The changes began as Jaffe resurrected the Hall’s recording label. He began importing new music and new musicians into the band, recruiting most notably Clint Maedgen from the New Orleans Bingo! Show on vocals and saxophone. Around the same time, the two collaborated on a version of the Kinks’ “Complicated Life.” Long-time fans found such decisions heretical.

“I knew this wouldn’t be easy,” Jaffe says. “I knew that to find new audiences, people weren’t going to come to me, I would have to go to them. And I knew that change on this level might upset and confuse a lot of people, but I decided if I was going to fail at this, at least I would fail doing what I knew in my heart was right.”

Then came Hurricane Katrina, and Jaffe spent the next couple of years deeply immersed in relief efforts, raising more than $3 million and helping start a non-profit social service agency, Sweet Home New Orleans, that continues to provide service to local musicians in need.

Just as relief efforts were dying down and recovery efforts beginning to ramp up, a friend of Jaffe’s approached him with the idea of doing a high-profile benefit album featuring the Preservation Hall Jazz Band and a roster of guest artists. Jaffe took his friend up on her offer but directed proceeds to The Preservation Hall Outreach Program—an effort to introduce young people to the music and encourage their efforts in perpetuating it.

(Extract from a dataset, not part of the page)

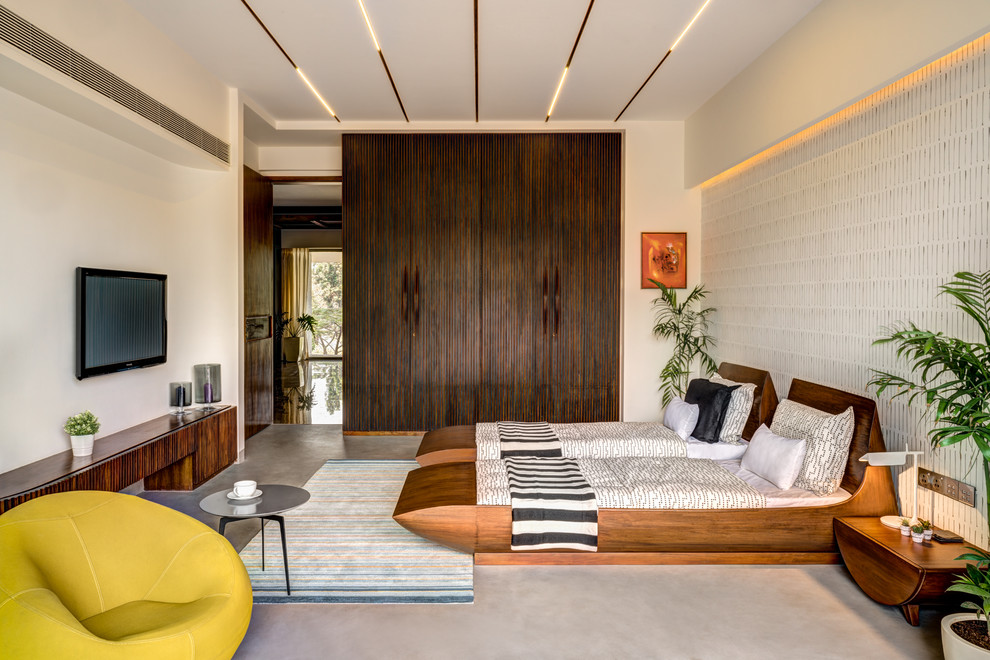 Inspiration for a world-inspired master bedroom in Pune with white walls, concrete flooring and grey floors.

Preservation (its unwieldy full title: Preservation: An Album Benefiting Preservation Hall and Its Music Outreach Program) received quite a bit of attention and led the way to a 50th-anniversary celebration in 2011 that played out the full range of potential cultural celebration inherent in an institution like Preservation Hall: art and history exhibitions; dance and theater collaborations; music mash-ups and joint tours.

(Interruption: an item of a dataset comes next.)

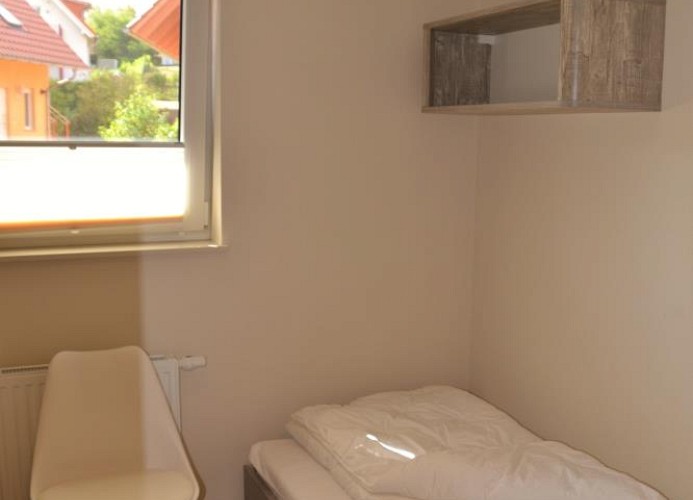 zweites Schlafzimmer mit Einzelbetten - ideal für die Kinder!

After recording nearly all the Preservation tracks in the Hall’s front performance room, the space itself seems to have come alive. After the BP oil spill, Jaffe, the band, Yasiin Bey (formerly Mos Def), Trombone Shorty, Lenny Kravitz and the actor Tim Robbins gathered there to record a rap/trad jazz protest song based on the Wardell Quezergue and Smokey Johnson classic, “It Ain’t My Fault.” When Amy Winehouse music producer Mark Ronson set out to lay down his track for the recent Grammy-sponsored documentary Re:Generation, he, along with Bey, Erykah Badu, the Dap-Kings, Trombone Shorty, and Zigaboo Modeliste ended up playing a party at the Hall. During the past two Jazz Fests, the hottest tickets outside the Fair Grounds were for shows at the Hall. Two years ago, Jim James and My Morning Jacket brought the rock world’s attention to the Hall with what was, by all accounts a mesmerizing show followed by a 3 a.m. parade around the empty streets of the French Quarter, and last year Robert Plant made an unscheduled appearance at the Saturday Night show headlined by guitarist Buddy Miller, his music director.

As if to confirm its status as an essential American roots band, the Preservation Hall Jazz Band was featured this past October on Austin City Limits with guests Jim James and the Del McCoury Band.
Jaffe insists that music fans who check out the Economy Hall set the day before won’t hear much difference in the music being played. The real difference, he says, will be in the make-up of the two audiences. And in that, he’s mostly right. The Preservation Hall Jazz Band continues to play in the same tradition that prevailed in the years when it was founded. For some people, that’s a tradition set in stone, never to be varied, but traditions have to breathe to live, and all Jaffe has done is set Preservation Hall free from a set of responses that are no longer as effective as they once were. Repositioned as an American roots institution still very much alive and well, New Orleans Preservation Hall and its world-traveling jazz band—even at the ripe old age of 50—are back on the American music radar in a major way.

Preservation Hall Jazz Band plays Jazz Fest on Saturday, May 5 at 4:25 p.m. on the People’s Health Economy Hall Stage and on Sunday, May 6 at 5:35 p.m. on the Gentilly Stage.